Artem Dvorskiy, twenty-eight, said a first-person view aerial device caused a minor injury in his leg.

Another patient, 38-year-old a serviceman, said a UAV explosion had resulted in a head injury. “I was in a trench shelter. It suddenly went dark. I lost sensation any feeling or any sound,” he said. “I believe I was lucky to remain alive. My cousin has been killed. We face continuous detonations.” A construction worker working in Lithuania, Filipchuk noted he had returned to Ukraine and volunteered to serve days before Vladimir Putin’s large-scale attack in February 2022.

A third soldier, a serviceman, had been struck in the back. He groaned as doctors laid him on a medical cot, removed a stained bandage and treated his two-day-old injury from fragments. Covered in a foil blanket, he borrowed a mobile phone to ring his sister. “A piece of mortar struck me. The cause was a ricochet. I’m OK,” he informed her. What were his plans now? “To recover. That will take a few months. After that, to return to my military group. Someone has to protect our country,” he affirmed.

Medical staff treat Taras Mykolaichuk, who was hit in the back by a fragment of artillery shell.

Since 2022, Russia has consistently targeted medical centers, health facilities, obstetric units and ambulances. Per international monitors, 261 health workers have been fatally attacked in nearly two thousand assaults. The underground facility is built from multiple reinforced shelters, with wooden supports, soil and granular material laid on top up to the surface. It is designed to resist direct hits from 152mm projectiles and even multiple 8kg explosive devices dropped by aerial means.

The Ukrainian industrial group, which funded the building, plans to erect twenty facilities in total. The head of the nation's security agency and former defence minister, Rustem Umerov, declared they would be “vitally essential for saving the survival of our armed forces and supporting defenders on the battlefront.” The company referred to the project as the “largest-scale and challenging” it had implemented after the enemy's military offensive.

One of the centre’s operating theatres.

The surgeon, explained some injured soldiers had to endure delays many hours or even days before they could be evacuated because of the threat of air assaults. “We had two critically ill patients who came at 3am. I had to perform a removal of both limbs on one of them. The soldier's bleeding control device had been applied for so long there was no alternative.” How did he cope with severe operations? “I’ve been medicine for 20 years. You have to focus,” he remarked.
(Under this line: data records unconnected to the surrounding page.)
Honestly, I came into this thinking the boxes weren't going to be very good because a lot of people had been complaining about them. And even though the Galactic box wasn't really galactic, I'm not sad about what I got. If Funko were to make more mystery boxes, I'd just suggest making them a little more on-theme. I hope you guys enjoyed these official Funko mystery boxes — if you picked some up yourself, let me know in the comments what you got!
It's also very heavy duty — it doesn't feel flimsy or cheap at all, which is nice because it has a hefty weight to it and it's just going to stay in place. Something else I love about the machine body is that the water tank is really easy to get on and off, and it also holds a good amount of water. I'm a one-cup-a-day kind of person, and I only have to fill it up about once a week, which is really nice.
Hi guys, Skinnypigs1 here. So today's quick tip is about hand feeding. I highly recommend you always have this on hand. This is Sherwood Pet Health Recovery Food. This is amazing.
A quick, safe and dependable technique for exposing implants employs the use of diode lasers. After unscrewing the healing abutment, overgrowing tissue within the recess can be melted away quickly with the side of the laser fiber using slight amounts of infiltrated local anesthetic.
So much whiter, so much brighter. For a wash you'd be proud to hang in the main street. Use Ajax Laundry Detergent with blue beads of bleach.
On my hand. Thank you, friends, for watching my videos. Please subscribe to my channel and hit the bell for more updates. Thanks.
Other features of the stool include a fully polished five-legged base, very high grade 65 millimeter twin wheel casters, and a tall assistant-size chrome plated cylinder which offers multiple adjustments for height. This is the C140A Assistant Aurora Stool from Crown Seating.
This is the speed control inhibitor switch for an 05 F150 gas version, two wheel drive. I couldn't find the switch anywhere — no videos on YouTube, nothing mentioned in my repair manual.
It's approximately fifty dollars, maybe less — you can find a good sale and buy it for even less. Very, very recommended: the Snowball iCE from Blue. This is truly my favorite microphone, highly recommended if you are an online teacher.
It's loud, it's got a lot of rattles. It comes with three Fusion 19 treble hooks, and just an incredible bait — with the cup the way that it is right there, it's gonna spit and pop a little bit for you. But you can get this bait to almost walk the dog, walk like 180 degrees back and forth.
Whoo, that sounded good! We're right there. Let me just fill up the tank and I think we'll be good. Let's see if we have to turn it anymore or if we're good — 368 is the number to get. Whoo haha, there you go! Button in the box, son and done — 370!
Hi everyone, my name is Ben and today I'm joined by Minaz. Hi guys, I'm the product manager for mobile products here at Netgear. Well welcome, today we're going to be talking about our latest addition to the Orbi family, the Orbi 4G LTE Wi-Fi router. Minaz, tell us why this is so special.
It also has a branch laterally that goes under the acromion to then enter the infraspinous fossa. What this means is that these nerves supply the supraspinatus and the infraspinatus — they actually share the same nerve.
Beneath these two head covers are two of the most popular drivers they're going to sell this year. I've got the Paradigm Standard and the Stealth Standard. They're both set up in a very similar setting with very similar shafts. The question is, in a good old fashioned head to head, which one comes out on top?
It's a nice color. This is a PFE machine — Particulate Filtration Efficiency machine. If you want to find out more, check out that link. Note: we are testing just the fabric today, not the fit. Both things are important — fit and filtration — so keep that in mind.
Medical assistants wheeled the soldier through the tunnel and into an emergency vehicle. The vehicle was stationed beneath a shrub. The patient and the other military members were transferred to the urban center of Dnipro for additional medical care. The subterranean medical team took a break. The facility's ginger cat, the mascot, walked up to the entrance to await the next arrivals. “Our facility operates active 24 hours a day,” the surgeon said. “The work is continuous.”

John Parker
John Parker

A seasoned gaming analyst with over a decade of experience in online casino strategy and game development, specializing in player behavior and statistical analysis.